AbstractList The aim of this study was to investigate the neuronal network characteristics in physiological and pathological brain aging. A database of 378 participants divided in three groups was analyzed: Alzheimer's disease (AD), mild cognitive impairment (MCI), and normal elderly (Nold) subjects. Through EEG recordings, cortical sources were evaluated by sLORETA software, while graph theory parameters (Characteristic Path Length λ, Clustering coefficient γ, and small-world network σ) were computed to the undirected and weighted networks, obtained by the lagged linear coherence evaluated by eLORETA software. EEG cortical sources from spectral analysis showed significant differences in delta, theta, and alpha 1 bands.
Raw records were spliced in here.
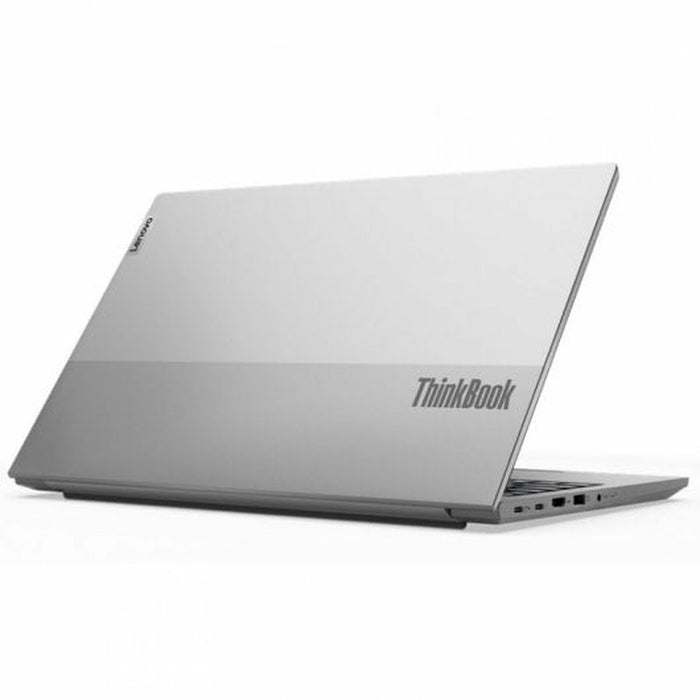 Laptop Lenovo 15 G4 IAP 15,6" Intel Core i5-1235U 8 GB RAM 256 GB SSD Qwerty Spaniolă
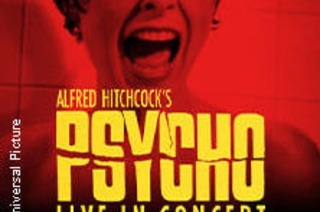 Psycho - Live in Concert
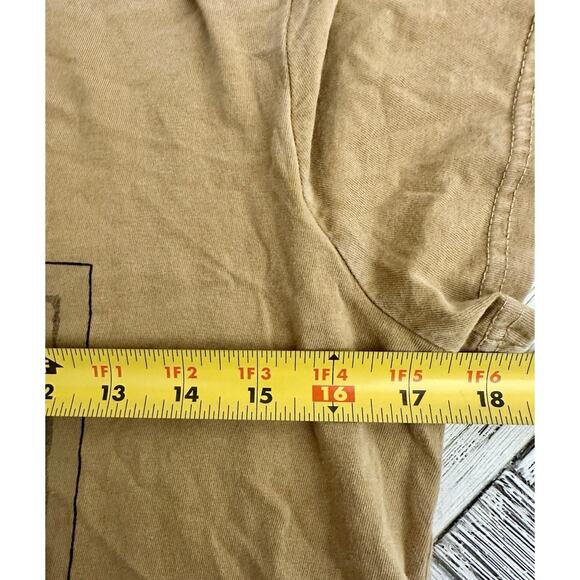 Lucky Brand Women’s Lucky You Card Classic Crew Size Medium - Picture 3 of 9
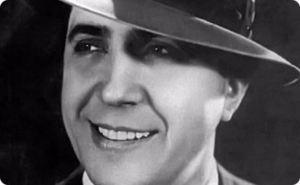 Carlos Gardel, Carlitos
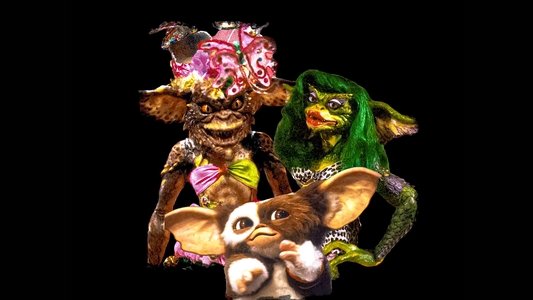 Gremlins 2: The New Batch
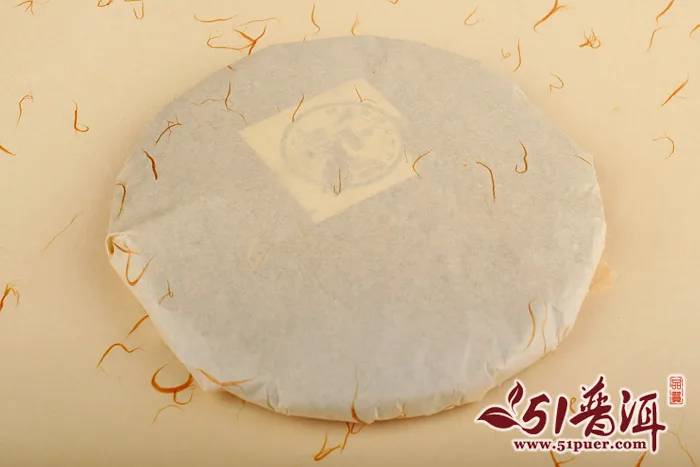 35g韩国环保金丝棉纸金丝棉空白棉纸 普洱茶包装棉纸 七子饼茶包装棉纸 图6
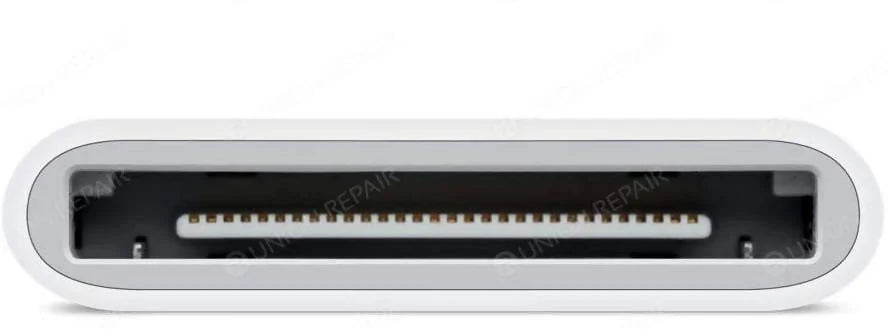 IMEXX Lightning To 30 Pin Adapter -IME-74163 Hannah Frederick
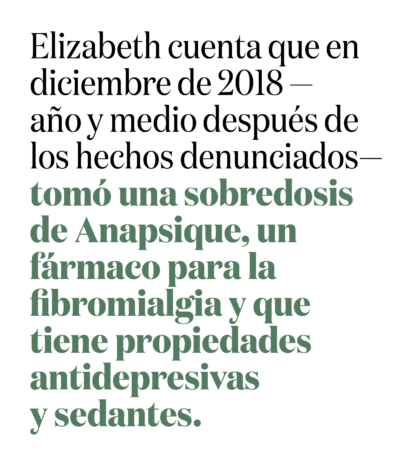 Frase Sobredosis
Furthermore, the analysis of eLORETA cortical connectivity suggested that for the normalized Characteristic Path Length (λ) the pattern differences between normal cognition and dementia were observed in the theta band (MCI subjects are find similar to healthy subjects), while for the normalized Clustering coefficient (γ) a significant increment was found for AD group in delta, theta, and alpha 1 bands; finally, the small world (σ) parameter presented a significant interaction between AD and MCI groups showing a theta increase in MCI. The fact that AD patients respect the MCI subjects were significantly impaired in theta but not in alpha bands connectivity are in line with the hypothesis of an intermediate status of MCI between normal condition and overt dementia.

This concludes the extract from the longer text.